A wall and part of a ceiling had caught fire on a small home not far from Normanna, apparently just inside a doorway onto a porch area being built on the north and east sides of the home.

Firemen received the call at 8:33 a.m. and responded automatically, as they always do in all situations when fires are reported within the county.

Fire Chief Donald C. Morris said the Normanna Volunteer Fire Department had the situation under control when Beeville fire trucks arrived but firemen from here helped clean up the scene and assist as Fire Marshal Ken Orrell tried to determine the cause of the blaze.

Morris said Orrell figured an electrical short in the wall next to the door on the east side of the structure had caused the blaze.

Fortunately, several other homes were in the immediate area and neighbors saw the flames in time to get firemen there in minutes.

Morris later reported that 14 local firemen were at the scene.

Damp air following dry, dusty conditions was being blamed for two utility pole fires Tuesday.

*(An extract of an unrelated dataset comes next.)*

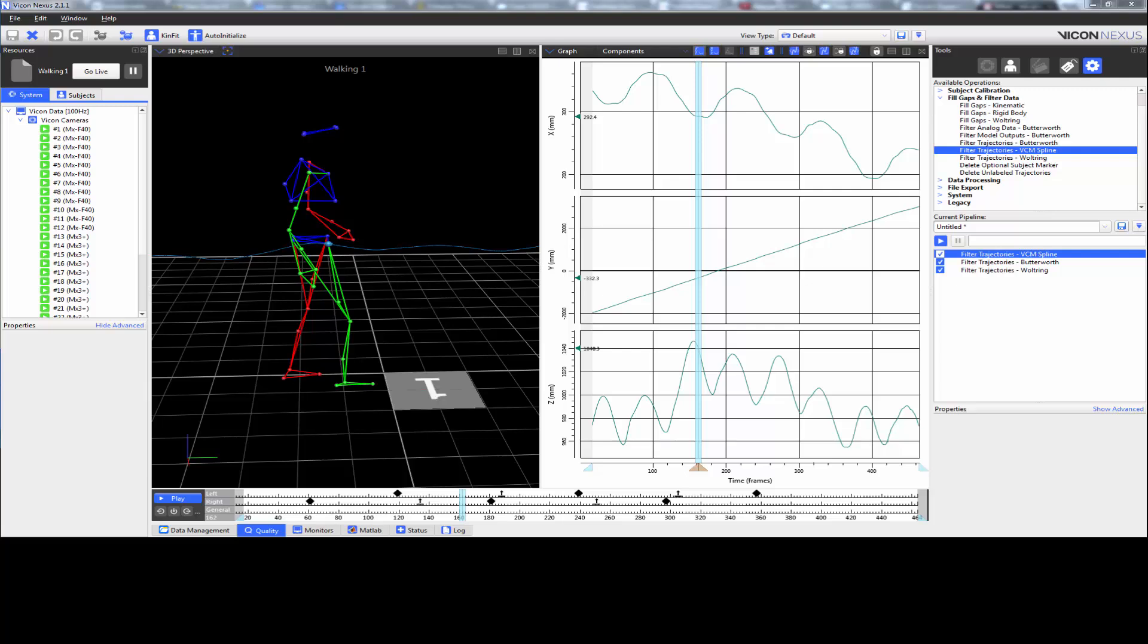Next is to provide several options on how to filter trajectory data. These options are the VCM filter, the Butterworth filter, and the Woltring filter.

Morris said the first fire was reported at 9:08 a.m. at West Powell and North Live Oak streets after neighbors found an American Electric Power pole burning.

The second utility pole fire was reported at 1:08 p.m. after workers on Fish Lane in the northeast corner of town smelled smoke.

At first the workers were unable to find the source of the smoke but after the top portion of a pole burned through, cross beams and electrical lines fell onto guy wires and other lines causing power to fail at some buildings and residences in the area.

At that point, area residents were able to identify the source of the problem and firemen were called to the scene.

Morris has explained before that damp air following dry, dusty weather and high winds makes for ideal utility pole fire conditions.

He said when dust that builds up between the electrical lines becomes wet it allows electricity to arc into bolts that hold the cross beams in place. The bolts become red hot and eventually burn through the vertical pole.

Firemen are unable to extinguish such fires until electrical workers are on the scene and have cut off the flow of electricity.